First Milk and Agricarbon collaborative project
In 2021 First Milk launched a project with Agricarbon to carry out intensive soil carbon analysis using its proprietary approach. The initial phases of the project were conducted with First Milk’s long-term commercial partner, Nestlé, which supported the work as part of its climate journey roadmap. But the project has developed beyond that and is now one of the leading projects of its type in the UK.
To date, Agricarbon has collected samples for First Milk from more than 18,500 hectares of land, across nearly 4,000 fields, in more than 56,000 individual soil cores taken to a depth of 1 metre. The analysis of these samples has shown that the soil carbon stock in these fields is nearly 2 million tonnes – an average of 17,500 tonnes per hectare.
First Milk has committed to sequestering an additional 100,000t of CO2e in soil each year by 2025. This data allows us to establish the baseline position, and then continue sampling in the future to demonstrate the change that’s been delivered via our regenerative actions, with the plan being to re-sample fields every 5 years.
Regenerative practices can help increase soil organic matter; every 0.1% of additional soil organic matter per hectare equates to nine tonnes of CO2 removed from the atmosphere through sequestration. In addition, this increases soil water holding capacity, reducing flood risk and runoff resulting in increased drought resilience.
How does Agricarbon’s unique approach to soil sampling work?
- End-to-end service covering sampling strategy, collection of soil cores, processing and automated soil carbon analysis.
- Stratified random sampling based on digital mapping containing soil type, geology, terrain features and above ground vegetation data sets to ensure samples accurately represent the varied conditions across a whole field.

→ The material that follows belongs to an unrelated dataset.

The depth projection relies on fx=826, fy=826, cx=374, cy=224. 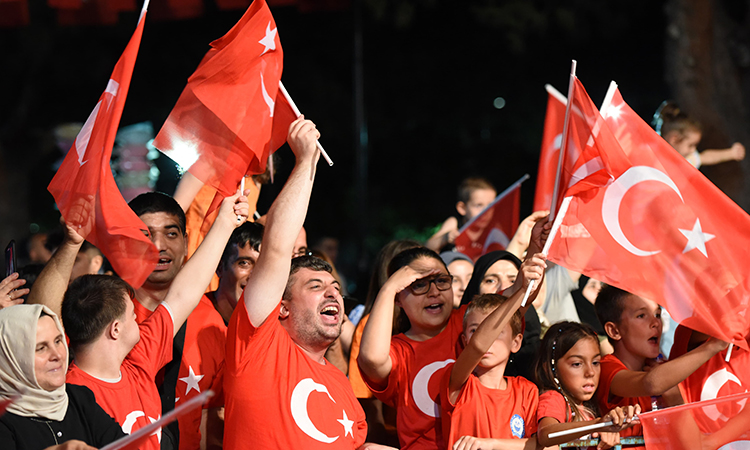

- Typically, 15 samples taken per field based on GPS co-ordinates sent to field operators using specially designed ATVs with hydraulic core extractors extract a wide core to 1m depth. Soil cores kept intact in an air and water-sealed tube until analysis is undertaken.
- Soil cores sub-divided into different depth layers to give an accurate picture of soil carbon. Wide cores also allow accurate bulk density to be determined, providing accurate indication of soil compaction. This is critical in accurately determining soil carbon stocks.
- Automated soil carbon analysis (ASCA) processes thousands of samples with extreme consistency and ultra-low cost. This means a large number of samples can be taken – vital for measuring change accurately over time. Uses Dumas dry combustion – the most accurate method for measuring soil organic carbon.
- Results provided as a detailed field-level and soil depth breakdown and stored securely to allow future re-measurement, comparison and statistical analysis.
First Milk can monitor progress on soil carbon sequestration in a robust and scientific way, to quantify progress towards its net zero ambition. And that is where Agricarbon comes in.